Trajectory Selection

Claim Type: implementation_note
Scope: Trajectory selection detail for E3
Depends On: ARC-003, ARC-004, ARC-013
Status: candidate
Claim ID: IMPL-016

Source: docs/processed/legacy_tree/architecture/trajectory_selection.md

Trajectory selection (E3)

E3 evaluates candidate sensorimotor futures and commits to one trajectory.

E3 is not a perceptual system and does not overwrite the shared sensory latent. Its role is to:

select a coherent sensorimotor future from an affordance space,
raise precision on the selected plan (commitment), and
convert hypothetical rollouts into learning-relevant prediction errors after action.

Canonical clarification (2026-02-09): explicit multi-step rollouts are generated by hippocampal systems. E2 supplies short-horizon predictions and affordances that seed hippocampal candidate generation. References below to “E2 rollouts” should be read as implementation approximations unless hippocampal generation is explicitly modeled. Terminology: rollout = explicit hippocampal multi-step sequence; forward prediction = E2 local transition kernel.

Inputs and representational domains

REE distinguishes two primary latents:

Shared sensory latent (z_S): reliability-weighted, fused multimodal evidence (completed perception).
Affordance/action latent (z_A): candidate sensorimotor futures generated by fast forward prediction.

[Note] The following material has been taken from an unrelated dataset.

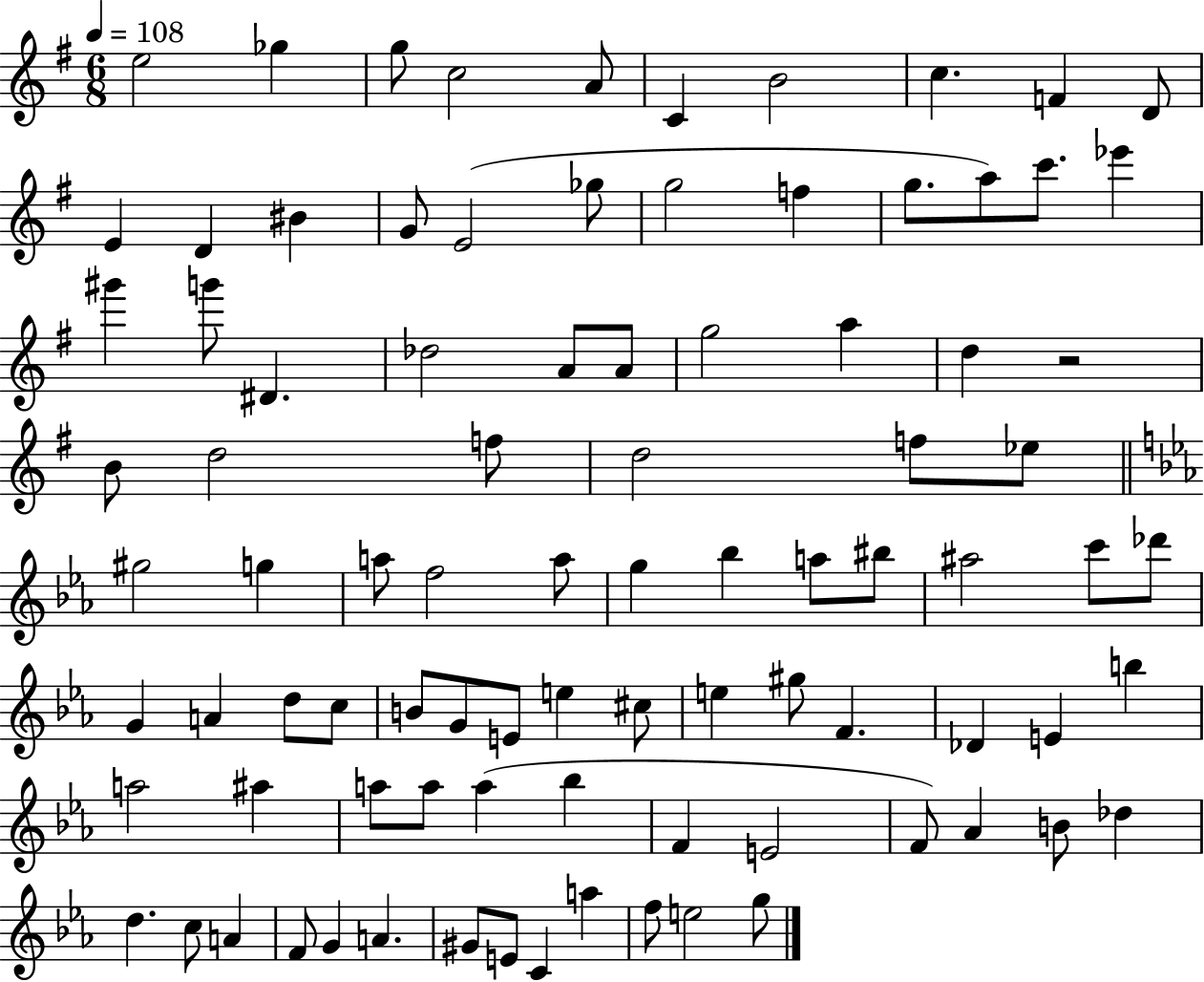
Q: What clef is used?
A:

E3 operates on (z_A), which is derived from (z_S) via E2. E3 does not operate directly on raw modality streams.

Candidate generation (Hippocampus seeded by E2 → (z_A))

Generate (N) candidate trajectories (\zeta_i) via hippocampal rollout, seeded by E2 affordances and E1 constraints, from the current shared sensory latent (z_S) for horizon (H).

Common options:

Model Predictive Control (MPC) hippocampal rollouts with random shooting.
Cross-Entropy Method (CEM) sampling for hippocampal rollout candidates.
Beam search for discrete action spaces (hippocampal rollout candidates).

Scoring

Legacy scoring formulation (preserved for traceability; current canonical framing does not require an explicit ethical cost term):

[ J(\zeta)=\mathcal{F}(\zeta)+\lambda\,M(\zeta)+\rho\,\Phi_R(\zeta) ]

Where (implementation-dependent, but conceptually stable in the legacy framing):

(\mathcal{F}(\zeta)): feasibility / coherence / constraint satisfaction (including physical viability and internal consistency across predictive depths).
(M(\zeta)): legacy mission-aligned objective terms (task progress, care objectives, etc.). Retained for evaluation-only; not required for E3 selection in the current canonical framing.
(\Phi_R(\zeta)): residue curvature term (persistent ethical consequence; path dependent).

Commitment as precision gating

⸻

Temporal collapse and the constructed present

E3 does not select an instantaneous action. It selects a trajectory through a temporally displaced latent space whose predictions span multiple future offsets (sensory, motor, procedural, affective).

Commitment performs a temporal collapse: • It phase-aligns temporally displaced predictions with motor execution timing • It locks a smeared predictive bundle into an action-relevant frame • It enforces cross-horizon coherence so the trajectory is experienced as a single unfolding “now”

The subjective present therefore corresponds to a phase-stable, committed trajectory, not to a time-slice of perception.

Without commitment, temporally displaced rollouts remain exploratory and do not generate a unitary present-moment experience.

Commitment is implemented as a precision increase at action/control depth ((\beta) and sometimes (\gamma)):

reduce action entropy for the selected plan
increase weighting of action-level prediction error (stabilises execution)

This corresponds to dopamine-like commitment without requiring a reward-only interpretation.

Epistemic consequence of commitment

E3 control plane (precision, gain, and mode tuning)

In addition to trajectory commitment, E3 operates a control plane that tunes how the rest of the system runs. This control plane exposes a registry of tunable parameters across modules and depths, including:

sensory precision and gain (attention-like modulation over (z_S)),
action and policy precision (commitment strength),
rollout temperature, horizon, and branching factor (hippocampal generator; seeded by E2),
learning-rate rigidity or plasticity in deep models (E1),
replay rate and pattern-completion bias (hippocampal braid), and
operating mode (task-engaged, Default Mode–like, or sleep/offline).

These parameters form a structured tuning surface (\theta_{\text{tune}}), updated by E3 based on context, urgency, residue curvature, and predicted risk or harm.

Neuromodulatory systems in biological cognition can be understood as implementing such a control plane. In REE, these channels are treated functionally: as precision, gain, stability, urgency, and availability controls, rather than as reward signals.

Before commitment, rollouts are hypotheses. After commitment, the selected trajectory is treated as intended.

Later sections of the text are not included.